### Supplied material
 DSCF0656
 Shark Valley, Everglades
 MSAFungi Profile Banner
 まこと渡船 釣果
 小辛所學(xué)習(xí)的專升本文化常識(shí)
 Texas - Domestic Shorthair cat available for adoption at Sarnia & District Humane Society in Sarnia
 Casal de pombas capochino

### Task details
A faithful, word-for-word transcript of the material above is the required answer.

### Worked solution
 DSCF0656
 Shark Valley, Everglades
 MSAFungi Profile Banner
 まこと渡船 釣果
 小辛所學(xué)習(xí)的專升本文化常識(shí)
 Texas - Domestic Shorthair cat available for adoption at Sarnia & District Humane Society in Sarnia
 Casal de pombas capochino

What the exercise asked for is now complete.